◆ Work instructions ◆
From top to bottom, print the listing word for word and skip any pictures it contains.
Data shown START
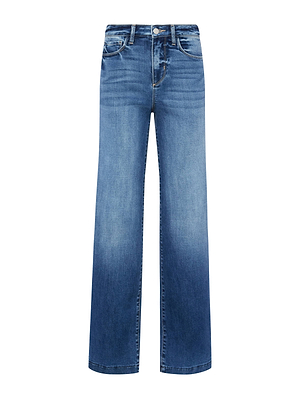 The Scottie Wide-Leg Jean is a blue high-rise style with front and back pockets, button and zip closure, made from stretch denim and features a slightly faded wash on the thighs and lower legs.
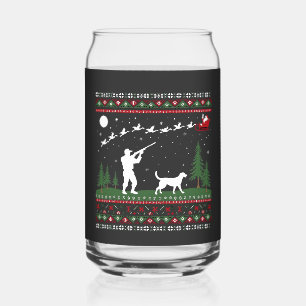Ugly Christmas Sweater Hunting Season Santa  Can Glass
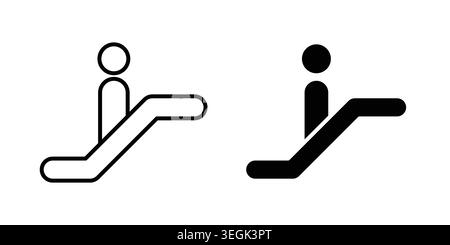 Escalator icon logo. Outline style icons with flat versions Stock Vector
Data shown END
◆ Solution to the problem ◆
 The Scottie Wide-Leg Jean is a blue high-rise style with front and back pockets, button and zip closure, made from stretch denim and features a slightly faded wash on the thighs and lower legs.
Ugly Christmas Sweater Hunting Season Santa  Can Glass
 Escalator icon logo. Outline style icons with flat versions Stock Vector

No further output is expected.